【 31 】




1981年(昭和56年) 1月 21日  16:38

  

 

 

 


出麹はサードベース横のフェンス戸を開き、グラウンドに足を踏み入れた。

茶色く汚れたボールを拾い上げようとする少年を注意深く観察しつつ、ホームベース方向に歩を進めた。

 

 

少年の吐く息の白さを確認出来る程の距離になると、出麹はその投球フォームの美しさに目を奪われた。

 
 

さすがに沢村泰介の息子である。

 

 

少年は真新しく光沢のある、真っ黒のグローブをはめている。  

父親が枕元に置けなかったクリスマスプレゼントであった。

 




「おい、相手してやろうか」

 




投げることに夢中になっていた沢村雄介は、唐突に背後から飛んできた声に驚いた。

寒さなのか、体が火照っているのか、振り返った鼻先と頬は赤味を帯びていた。

 


 

「こいよ、大エース」


 

 

出麹は左手を大きく振り上げた。

 

 


「思いっきり投げてみろ!!」



 

身動きをしない雄介に向かって出麹はより一層の大きな声を飛ばした。

雪と静寂に包まれたグラウンが残響を包容する。

 

 

出麹は自分がこれ程大きな声を発したことに、自ら戸惑いを覚えた。 

その言葉に若干の反応を示した雄介は、未だ表情無くその場に立ち尽くしていた。

 

 

脇道を茶色い車が走り抜けた。 

タイヤに弾かれた雪水が、澱んだ音と共に飛び散る。

 


 

「どうした、君の球なんか素手で充分だぞ」


 

 

出麹は一歩二歩と雄介に歩み寄った。

グラウンドの隅、二人はおよそ二十メートルの距離で対峙した。








その瞬間・・・・・








ふわりと茶色いボールが空に浮かんだ。








 

小雪の合間を縫って、ボールは山なりの軌道で出麹に向かって飛来する。









ゆっくり、まっすぐに、ボールが回転している。


 





パシッ







大きな両掌に吸い込まれたボールが、回転力を失い、乾いた音を響かせた。

出麹は一歩も動くことなくボールをキャッチした。


 

雄介の投球は正確に出麹の胸めがけてコントロールされていた。

 



「っつ! 汚ねえボールだなあ!」


 


出麹は苦笑と共に、ボールに付いた泥をズボンでぬぐった。

 

その最中、出麹はとある事実に気付く。




          指




前方に立つ雄介の右手小指には包帯が巻かれ、その姿形は極端に短くなっていた。 

厳冬の岩窟で父親を発見し、その頭部を抱き続けた少年は、小指の大半を失っていた。




投げることに支障はないのだろうか・・・・・・





出麹は振りかぶると、少年の父親に指導されたとおり、テイクバックを大きく取ってボールを投げ返した。 
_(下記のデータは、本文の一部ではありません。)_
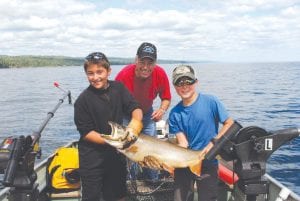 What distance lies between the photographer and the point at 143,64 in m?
6.29

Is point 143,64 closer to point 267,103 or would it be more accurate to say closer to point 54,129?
point 54,129

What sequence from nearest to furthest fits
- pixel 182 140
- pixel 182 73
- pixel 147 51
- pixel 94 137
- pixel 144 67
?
pixel 94 137, pixel 182 73, pixel 182 140, pixel 147 51, pixel 144 67

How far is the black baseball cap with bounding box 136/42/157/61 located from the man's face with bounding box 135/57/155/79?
0.25 ft

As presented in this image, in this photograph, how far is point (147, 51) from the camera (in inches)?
238

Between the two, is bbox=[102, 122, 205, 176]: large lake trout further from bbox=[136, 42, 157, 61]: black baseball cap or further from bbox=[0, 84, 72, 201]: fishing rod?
bbox=[136, 42, 157, 61]: black baseball cap

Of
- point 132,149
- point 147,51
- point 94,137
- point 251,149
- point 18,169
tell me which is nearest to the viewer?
point 251,149

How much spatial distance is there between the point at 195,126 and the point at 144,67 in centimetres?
165

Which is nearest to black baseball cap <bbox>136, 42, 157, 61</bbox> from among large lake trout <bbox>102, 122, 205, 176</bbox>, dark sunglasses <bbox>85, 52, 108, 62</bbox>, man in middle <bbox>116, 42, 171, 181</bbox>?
man in middle <bbox>116, 42, 171, 181</bbox>

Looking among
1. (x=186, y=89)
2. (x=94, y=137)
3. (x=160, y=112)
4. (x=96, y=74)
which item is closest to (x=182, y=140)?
(x=186, y=89)

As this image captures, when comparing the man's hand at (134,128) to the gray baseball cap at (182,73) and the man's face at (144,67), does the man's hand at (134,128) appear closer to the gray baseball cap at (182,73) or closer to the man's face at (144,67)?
the gray baseball cap at (182,73)

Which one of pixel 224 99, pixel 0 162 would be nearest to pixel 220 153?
pixel 0 162

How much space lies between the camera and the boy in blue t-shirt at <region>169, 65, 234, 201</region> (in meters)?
5.05

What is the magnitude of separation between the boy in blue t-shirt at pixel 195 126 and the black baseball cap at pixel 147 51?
997 millimetres

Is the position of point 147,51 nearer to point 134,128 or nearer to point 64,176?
point 134,128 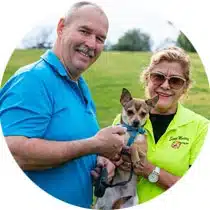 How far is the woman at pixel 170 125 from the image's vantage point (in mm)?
2477

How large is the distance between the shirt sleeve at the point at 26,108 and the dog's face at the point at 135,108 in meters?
0.47

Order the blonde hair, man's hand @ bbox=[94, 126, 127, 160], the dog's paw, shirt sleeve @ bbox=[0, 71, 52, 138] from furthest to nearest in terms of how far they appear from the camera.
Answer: the dog's paw, the blonde hair, man's hand @ bbox=[94, 126, 127, 160], shirt sleeve @ bbox=[0, 71, 52, 138]

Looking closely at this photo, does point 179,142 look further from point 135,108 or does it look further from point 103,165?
point 103,165

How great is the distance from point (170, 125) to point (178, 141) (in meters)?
0.09

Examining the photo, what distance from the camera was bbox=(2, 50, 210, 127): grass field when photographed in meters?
2.51

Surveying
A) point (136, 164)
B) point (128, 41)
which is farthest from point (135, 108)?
point (128, 41)

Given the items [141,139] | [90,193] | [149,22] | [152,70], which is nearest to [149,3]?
[149,22]

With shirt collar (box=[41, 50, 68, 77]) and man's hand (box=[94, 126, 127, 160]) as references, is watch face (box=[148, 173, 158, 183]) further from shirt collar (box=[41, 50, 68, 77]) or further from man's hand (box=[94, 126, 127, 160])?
shirt collar (box=[41, 50, 68, 77])

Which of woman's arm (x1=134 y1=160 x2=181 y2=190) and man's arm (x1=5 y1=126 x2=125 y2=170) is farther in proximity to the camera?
woman's arm (x1=134 y1=160 x2=181 y2=190)

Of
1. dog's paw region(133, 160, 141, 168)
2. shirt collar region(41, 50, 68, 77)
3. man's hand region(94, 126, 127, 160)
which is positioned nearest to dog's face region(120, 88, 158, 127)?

ボールは彼の意に反し、大きく右に逸れ、バックネットまで転がっていった。

 

 

雄介が小走りでボールを追った。

今まで無表情だった雄介が、ボールを追う時には少し笑ったように見えた。

 

 

いっそう泥にまみれた軟式ボールを雄介は手に取り、出麹同様ズボンにボールを擦り付け、汚れをぬぐった。

 




「すまん!!雄介君」





・・・・・少年の父親。

 

試合前、新入りで相手の見つからない出麹を沢村はよくキャッチボールに誘った。

コントロールの定まらない素人のボールは当然方々に放られ、そのたび沢村は笑いながらボールを追いかけていた。 
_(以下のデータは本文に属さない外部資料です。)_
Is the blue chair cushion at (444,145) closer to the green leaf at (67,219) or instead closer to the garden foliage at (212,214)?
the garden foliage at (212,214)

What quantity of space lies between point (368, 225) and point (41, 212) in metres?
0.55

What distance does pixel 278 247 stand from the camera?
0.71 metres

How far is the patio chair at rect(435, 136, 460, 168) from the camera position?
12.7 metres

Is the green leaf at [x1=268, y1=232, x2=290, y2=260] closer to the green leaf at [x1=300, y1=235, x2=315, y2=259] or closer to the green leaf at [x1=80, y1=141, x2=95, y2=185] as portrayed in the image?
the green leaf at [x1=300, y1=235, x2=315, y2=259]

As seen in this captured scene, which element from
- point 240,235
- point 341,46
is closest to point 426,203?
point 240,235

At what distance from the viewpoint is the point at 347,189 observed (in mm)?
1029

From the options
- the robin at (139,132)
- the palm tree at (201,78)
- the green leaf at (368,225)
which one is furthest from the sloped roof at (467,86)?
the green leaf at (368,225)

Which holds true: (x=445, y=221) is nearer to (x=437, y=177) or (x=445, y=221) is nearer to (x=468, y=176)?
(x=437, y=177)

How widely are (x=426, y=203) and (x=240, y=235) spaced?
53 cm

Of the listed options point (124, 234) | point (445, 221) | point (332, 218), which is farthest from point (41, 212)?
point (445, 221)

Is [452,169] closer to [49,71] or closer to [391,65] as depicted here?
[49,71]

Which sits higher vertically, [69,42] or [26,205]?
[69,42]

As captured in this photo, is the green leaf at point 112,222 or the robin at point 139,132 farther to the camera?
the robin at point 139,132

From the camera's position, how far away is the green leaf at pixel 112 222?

ユニフォームのズボンで転がったボールをきれいに拭い、「ドンマイ、でこちゃん!」と大きな声で励ますのが毎度の光景であった。












再び出麹に山なりのボールが投じられる。


 








今度はボール本来の白い部分が見え隠れしていた。









宙を舞うボールから視線を外した出麹は、そっと雄介の表情を見据えた。








 

自分の投げたボールの行方を追う少年の瞳は、細雪を球内に反射させながら、澱みなくキラキラと透き通っている。 










重なる父と息子の面影。

 

 






ゴツッ







鈍い音と共に額に衝撃が走る。

 

 


 

 

 

ボールがいつのまにか出麹の頭部を直撃していた。







 

衝撃と共に一瞬視界が揺れたが・・・・・・・・・すぐに白い歯を覗かせた雄介の笑顔が目に入った。





 

 







いつのまにか雪が降り止んでいた。